START Data under study

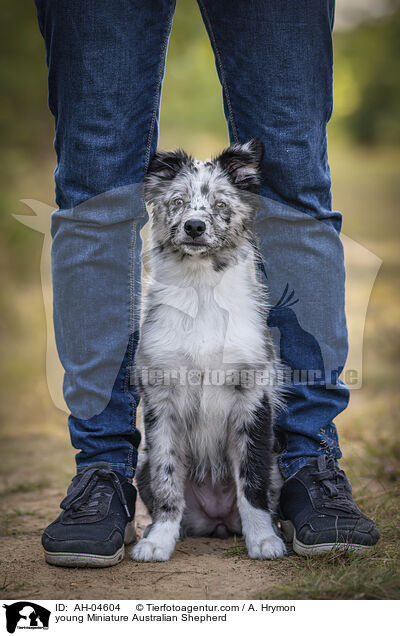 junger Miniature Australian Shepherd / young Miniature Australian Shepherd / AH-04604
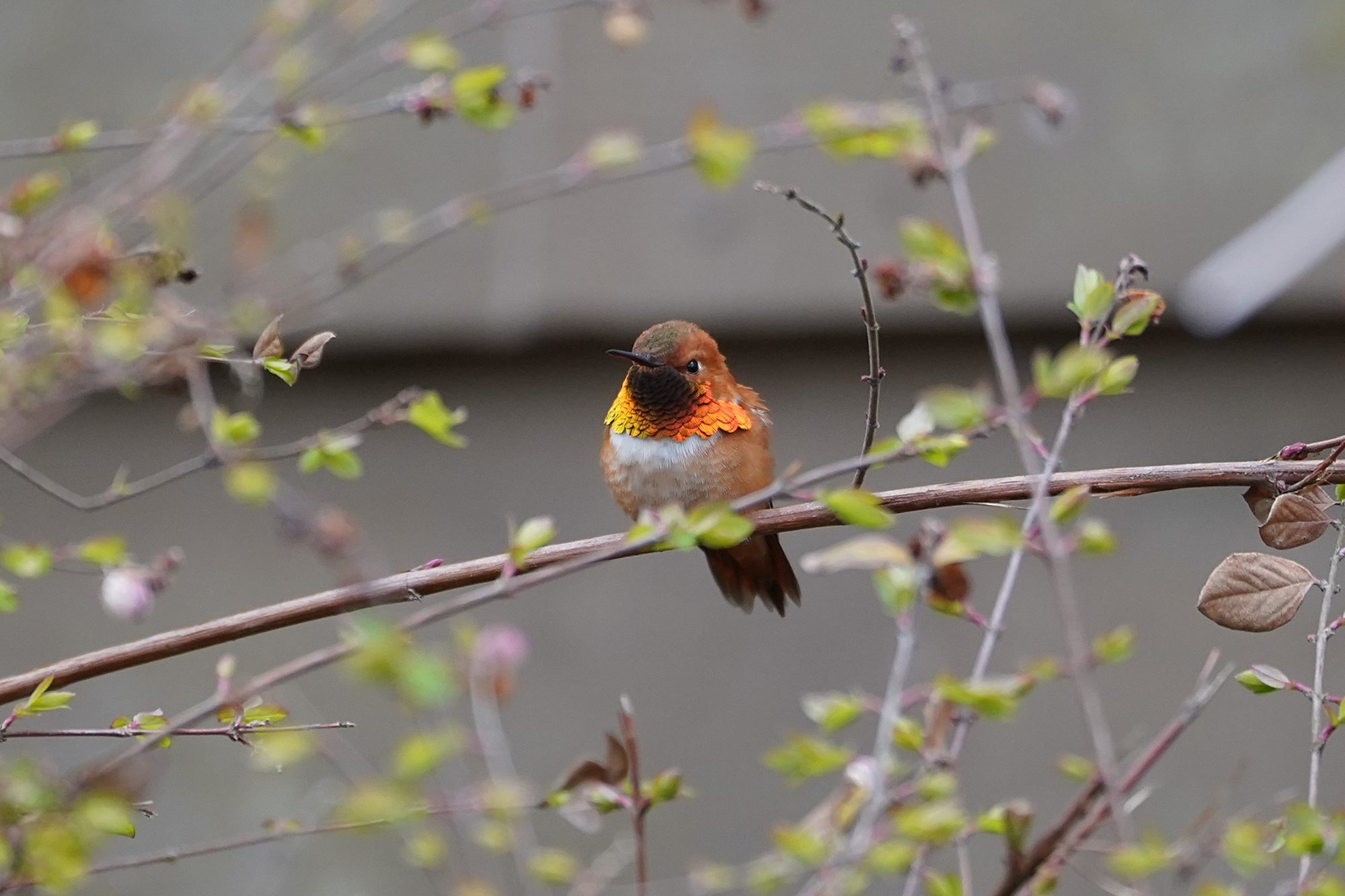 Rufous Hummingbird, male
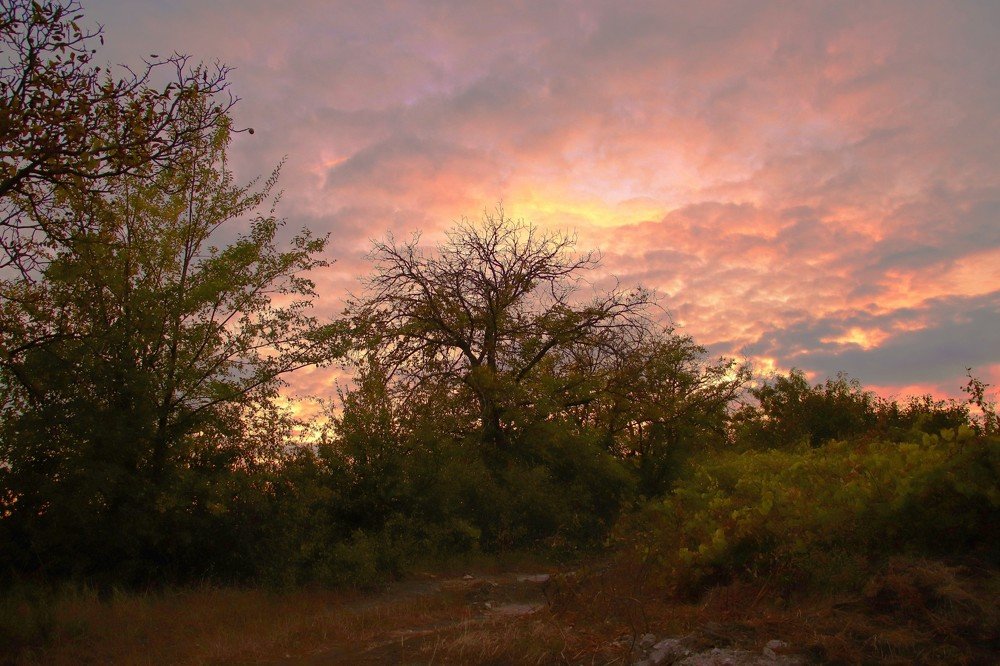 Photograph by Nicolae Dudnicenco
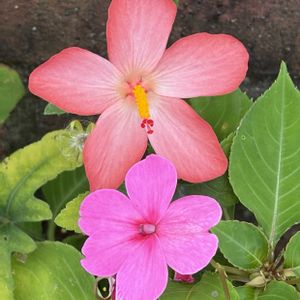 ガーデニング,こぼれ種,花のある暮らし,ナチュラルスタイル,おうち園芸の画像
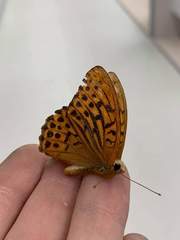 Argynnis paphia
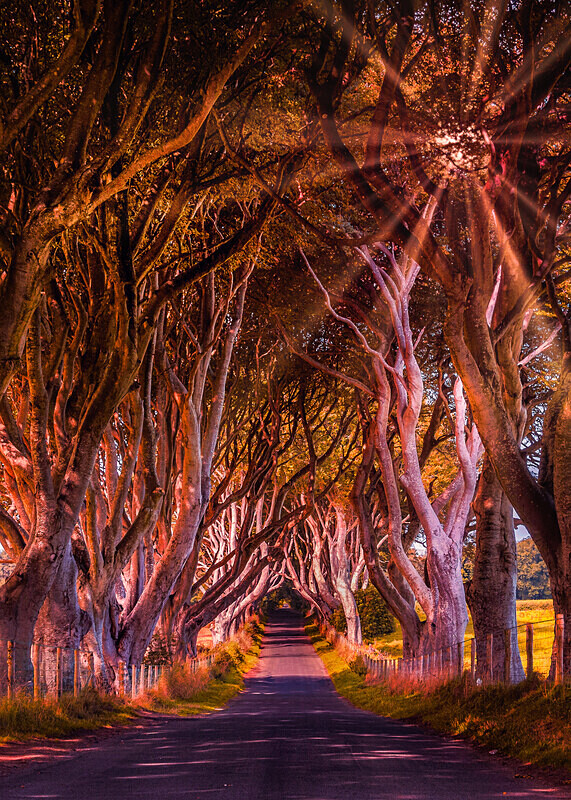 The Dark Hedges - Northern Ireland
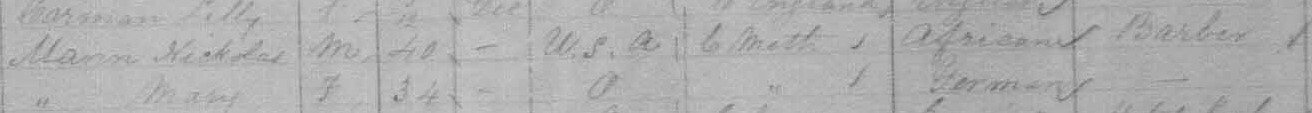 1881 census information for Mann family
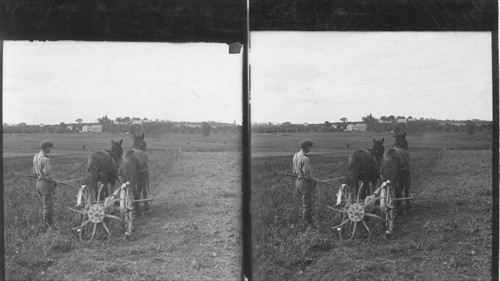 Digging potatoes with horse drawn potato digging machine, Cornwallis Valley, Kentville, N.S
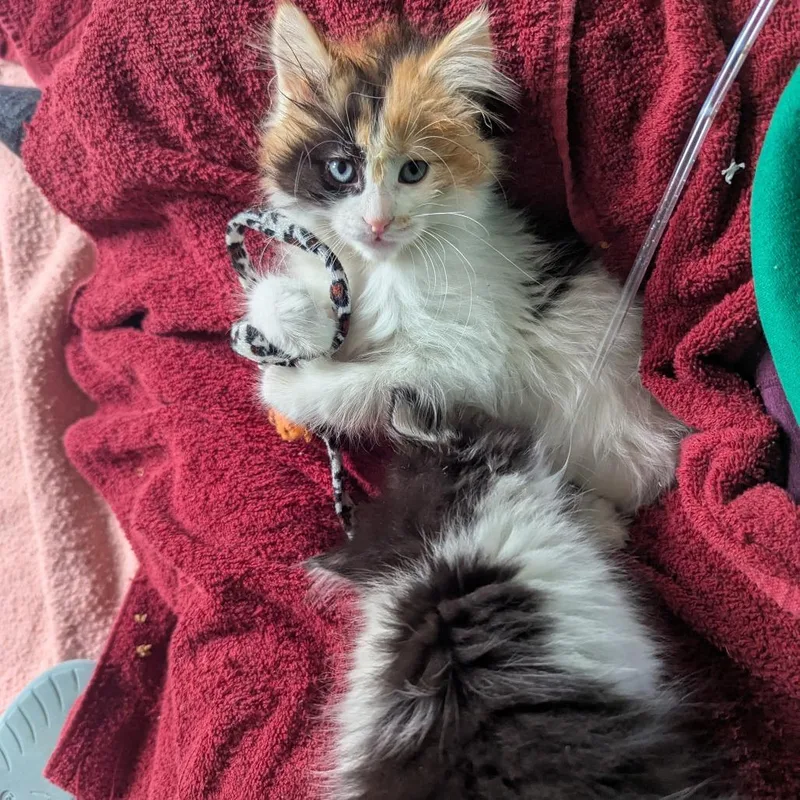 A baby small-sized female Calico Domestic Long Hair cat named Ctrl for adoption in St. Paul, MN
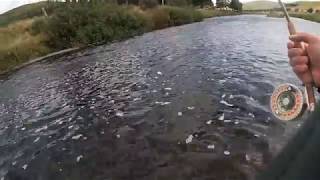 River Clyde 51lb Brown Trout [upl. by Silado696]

END Data under study

◆ **Your objective**
Everything from the line with "Photograph by Nicolae Dudnicenco" through the last line of the listing above is to be copied exactly, both ends included, except the pictures.

◆ **Exercise output**
 Photograph by Nicolae Dudnicenco
 ガーデニング,こぼれ種,花のある暮らし,ナチュラルスタイル,おうち園芸の画像
 Argynnis paphia
 The Dark Hedges - Northern Ireland
 1881 census information for Mann family
 Digging potatoes with horse drawn potato digging machine, Cornwallis Valley, Kentville, N.S
 A baby small-sized female Calico Domestic Long Hair cat named Ctrl for adoption in St. Paul, MN
 River Clyde 51lb Brown Trout [upl. by Silado696]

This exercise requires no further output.